======== DATA SEGMENT
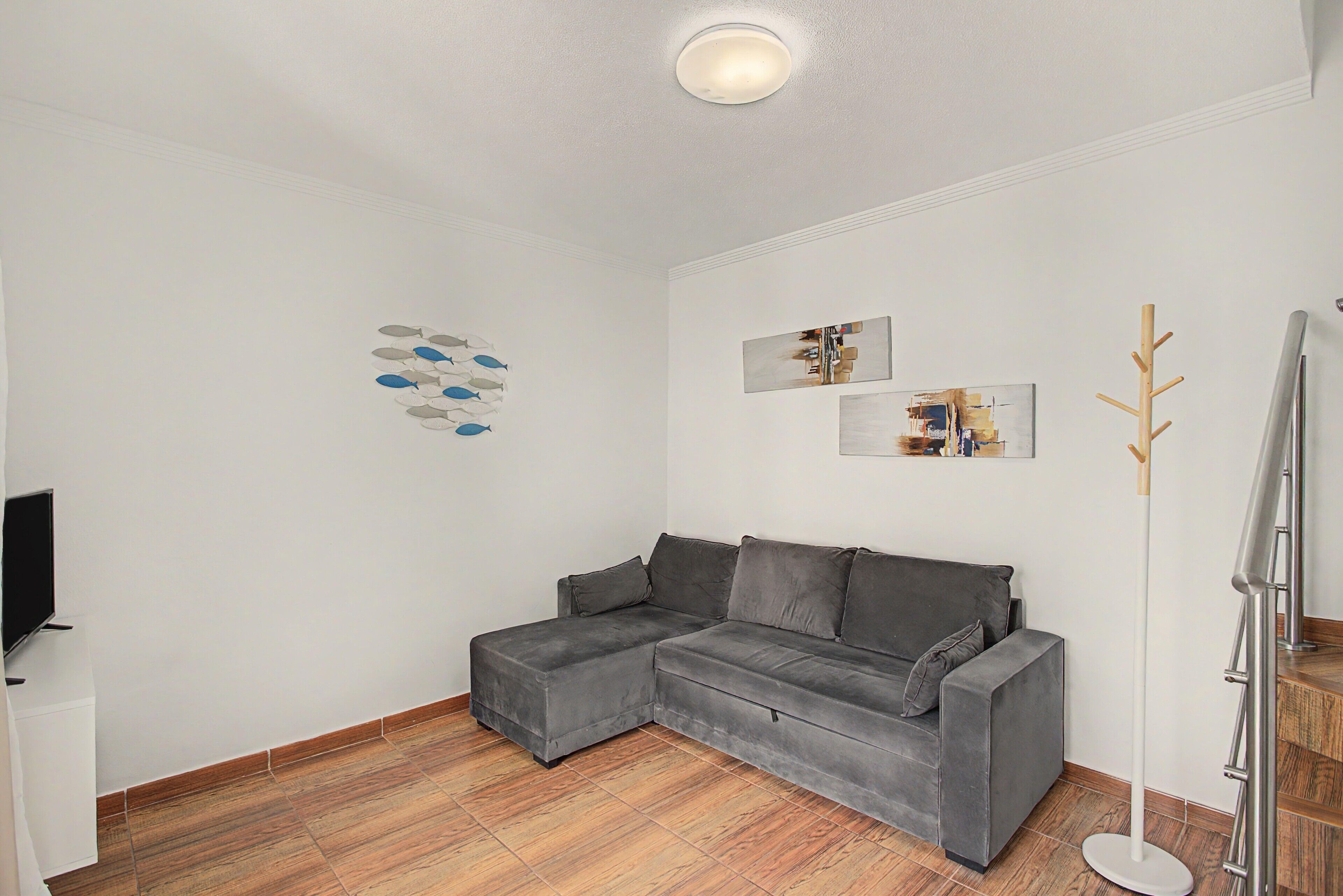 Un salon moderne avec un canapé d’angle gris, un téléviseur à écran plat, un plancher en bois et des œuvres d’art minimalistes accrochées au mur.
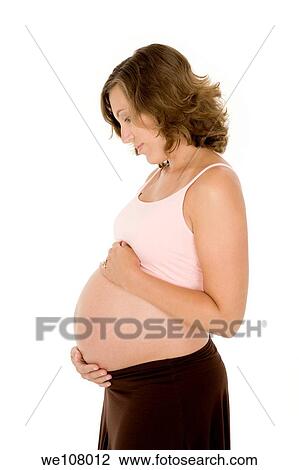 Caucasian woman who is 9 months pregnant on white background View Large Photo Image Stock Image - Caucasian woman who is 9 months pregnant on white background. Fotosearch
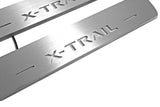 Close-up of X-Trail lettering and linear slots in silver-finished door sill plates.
================
TASK DESCRIPTION –
Starting with the line that holds "white background. Fotosearch", copy every line exactly through the final line of the material, but skip the pictures.

EXPECTED ANSWER –
 Caucasian woman who is 9 months pregnant on white background View Large Photo Image Stock Image - Caucasian woman who is 9 months pregnant on white background. Fotosearch
 Close-up of X-Trail lettering and linear slots in silver-finished door sill plates.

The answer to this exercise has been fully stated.